ADriving Habits and Impact on Charging Time
Driving habits directly influence the frequency and duration of necessary charges. City driving can reduce the need for frequent charges due to energy recovery during braking, while long highway trips may require more frequent charging. Here are some factors that concretely affect the battery life of your electric vehicle:
- Sudden and Repeated Accelerations: When you accelerate rapidly, the electric motor requires a large amount of energy in a short period. This high energy consumption quickly reduces the remaining battery capacity, decreasing the vehicle’s range. Driving smoothly and progressively helps conserve energy and improve efficiency.
- Constant High Speed: Driving at high speeds on highways increases aerodynamic resistance, requiring the motor to use more energy to maintain speed. Electric cars are generally more efficient at moderate speeds (around 60-80 km/h). Maintaining high speed for long periods reduces the battery charge more quickly.
- Sudden Braking: Sudden braking reduces the opportunity to use the regenerative braking system, which recovers some of the kinetic energy during deceleration and reintegrates it into the battery. If you brake abruptly instead of decelerating gradually, you miss the chance to regenerate energy, thus reducing the range.
- Intensive Use of Air Conditioning or Heating: Intensive use of air conditioning or heating while driving, especially in extreme conditions (scorching heat or severe cold), can consume a significant portion of the battery charge, reducing the energy available for propulsion.

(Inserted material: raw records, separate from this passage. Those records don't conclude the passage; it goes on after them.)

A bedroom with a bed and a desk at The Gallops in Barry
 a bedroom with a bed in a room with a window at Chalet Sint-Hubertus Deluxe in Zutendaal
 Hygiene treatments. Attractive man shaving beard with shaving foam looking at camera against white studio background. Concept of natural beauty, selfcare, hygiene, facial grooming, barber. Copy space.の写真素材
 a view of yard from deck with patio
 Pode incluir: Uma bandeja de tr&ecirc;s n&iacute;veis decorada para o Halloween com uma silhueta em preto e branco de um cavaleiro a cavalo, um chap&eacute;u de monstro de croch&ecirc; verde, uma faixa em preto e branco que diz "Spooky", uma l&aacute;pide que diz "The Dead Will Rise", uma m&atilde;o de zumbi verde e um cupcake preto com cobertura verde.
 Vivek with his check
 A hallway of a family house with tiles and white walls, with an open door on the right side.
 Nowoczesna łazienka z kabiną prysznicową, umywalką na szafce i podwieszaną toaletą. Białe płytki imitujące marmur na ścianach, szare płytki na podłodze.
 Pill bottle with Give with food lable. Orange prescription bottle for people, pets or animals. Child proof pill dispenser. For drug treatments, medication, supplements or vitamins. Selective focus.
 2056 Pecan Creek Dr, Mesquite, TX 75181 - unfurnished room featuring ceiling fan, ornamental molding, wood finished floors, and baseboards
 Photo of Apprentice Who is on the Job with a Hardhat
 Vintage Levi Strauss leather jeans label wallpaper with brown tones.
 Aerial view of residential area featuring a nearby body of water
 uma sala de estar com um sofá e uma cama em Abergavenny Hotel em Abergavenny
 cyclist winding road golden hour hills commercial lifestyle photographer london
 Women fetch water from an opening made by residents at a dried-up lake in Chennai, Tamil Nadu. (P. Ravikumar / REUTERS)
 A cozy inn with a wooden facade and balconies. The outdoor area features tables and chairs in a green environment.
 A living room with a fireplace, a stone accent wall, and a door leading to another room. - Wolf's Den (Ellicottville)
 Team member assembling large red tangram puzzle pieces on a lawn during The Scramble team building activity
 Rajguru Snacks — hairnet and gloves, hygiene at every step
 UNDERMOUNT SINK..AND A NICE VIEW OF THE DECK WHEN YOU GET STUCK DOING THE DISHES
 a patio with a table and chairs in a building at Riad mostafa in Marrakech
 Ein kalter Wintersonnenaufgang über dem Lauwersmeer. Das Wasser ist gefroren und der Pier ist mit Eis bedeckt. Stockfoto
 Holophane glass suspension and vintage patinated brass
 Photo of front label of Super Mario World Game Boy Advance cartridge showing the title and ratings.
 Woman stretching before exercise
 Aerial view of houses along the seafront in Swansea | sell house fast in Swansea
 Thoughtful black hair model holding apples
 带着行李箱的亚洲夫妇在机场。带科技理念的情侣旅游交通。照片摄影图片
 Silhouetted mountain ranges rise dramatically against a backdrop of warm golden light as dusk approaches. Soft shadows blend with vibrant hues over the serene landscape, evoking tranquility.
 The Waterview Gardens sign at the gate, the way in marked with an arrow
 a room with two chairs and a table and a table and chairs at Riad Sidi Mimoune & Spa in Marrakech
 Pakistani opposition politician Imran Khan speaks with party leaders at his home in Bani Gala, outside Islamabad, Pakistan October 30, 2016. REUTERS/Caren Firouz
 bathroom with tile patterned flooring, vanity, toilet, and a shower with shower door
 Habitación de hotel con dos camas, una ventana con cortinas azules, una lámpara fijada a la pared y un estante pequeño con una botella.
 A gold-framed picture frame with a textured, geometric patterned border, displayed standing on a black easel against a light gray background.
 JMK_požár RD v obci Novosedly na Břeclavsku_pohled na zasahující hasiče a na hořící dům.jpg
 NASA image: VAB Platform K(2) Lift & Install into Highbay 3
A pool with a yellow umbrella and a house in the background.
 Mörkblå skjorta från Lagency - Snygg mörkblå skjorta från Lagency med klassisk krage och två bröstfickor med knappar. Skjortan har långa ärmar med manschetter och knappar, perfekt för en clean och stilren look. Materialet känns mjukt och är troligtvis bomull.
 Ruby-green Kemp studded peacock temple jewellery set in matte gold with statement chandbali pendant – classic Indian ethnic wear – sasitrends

Planning Charging Stops for Long Trips
For long trips, it is essential to plan charging stops. Knowing the locations of fast charging stations along the route can prevent delays and ensure a stress-free journey. Many electric vehicles offer navigation tools that include charging route planning.
How Many kW to Charge an Electric Car
Charging stations are not all the same. The efficiency and speed of charging can vary depending on the provider and the technology used. We can distinguish three types of charging stations:
- 350 kW Stations: In this case, charging times are reduced to just a few tens of minutes.
- 50 kW Stations: Here, charging times are around an hour.
- Home Wallboxes (7-22 kW): Charging times range from a minimum of 5 hours to a maximum of 12 hours.
Charging Costs and Times
IThe cost of charging usually varies based on the type of charging station used, with higher rates for high-power charging. The final price can also vary depending on the service provider (eMSP). Therefore, it is important to compare the rates offered by different mobility apps.
The Future of Charging Times
With the development of new technologies and the expansion of infrastructure, electric car charging times will continue to decrease. By 2030, it is expected that it will be possible to fully charge an electric vehicle in less than 10 minutes, making electric cars even more practical and accessible.
Conclusion
Understanding the charging times of electric cars is crucial for those considering the purchase of an electric vehicle. Although charging times are still longer compared to refueling an internal combustion engine car, continuous technological improvements and the availability of increasingly accessible infrastructure with additional services not only make charging faster but also help build a new routine. The time spent charging can be used for various daily activities, a work call, or simply a refreshing break.